The council said one of its key aims of the new service, which introduced alternate weekly collections and wheelie bins, was to increase the borough’s recycling rate from 37% to 45% within 12 months and a stretched target of 48%.

In May, the recycling rate increased to a record 47%, much to the delight of cabinet member for the environment, Councillor Tobin Byers.

“Recycling rates in Merton are at record levels and I would like to thank residents, who have significantly reduced the amount of waste they produce and recycled more of their rubbish," he said.

“The introduction of the new recycling and rubbish collection service was the council’s largest service change in recent times and residents are quickly realising the potential of separating their recycling and presenting it in the right container on the right day for collection.

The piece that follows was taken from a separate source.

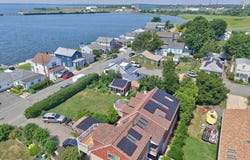 24 Ripley St, Somerset, MA 02725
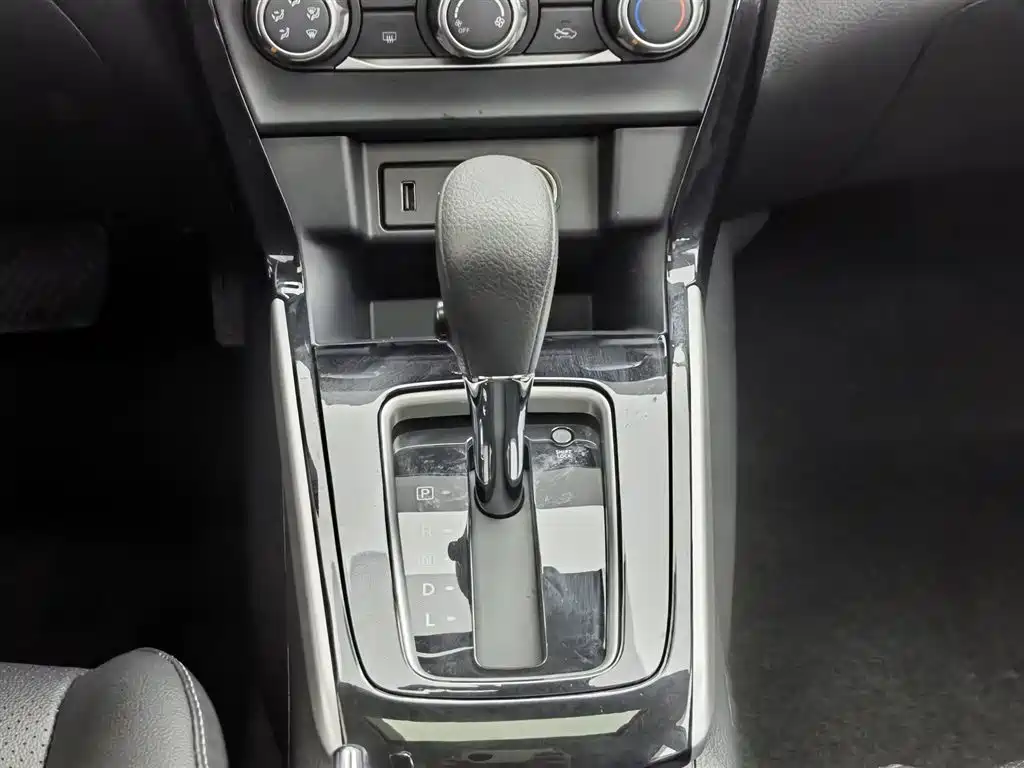 Nissan Sylphy 2021 — фото 13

"This Recycle Week, it is really encouraging to see that residents are taking recycling into their own hands and recycling more than ever before.”

The latest data, which covers April to August, shows:

Food waste recycling is up by 75%, compared to the same period last year – before the service change began. This is an average of 473 tonnes per month – equivalent to the weight of more than two blue whales.

A 14% reduction in the total amount of waste produced has also had a major impact. This is 2,887 tonnes less than the same five months last year – equivalent to the weight of a hippopotamus – and generates significant financial savings.

The general waste is disposed of through the energy recovery facility at Beddington, rather than being sent to landfill, creating green energy in the form of electricity.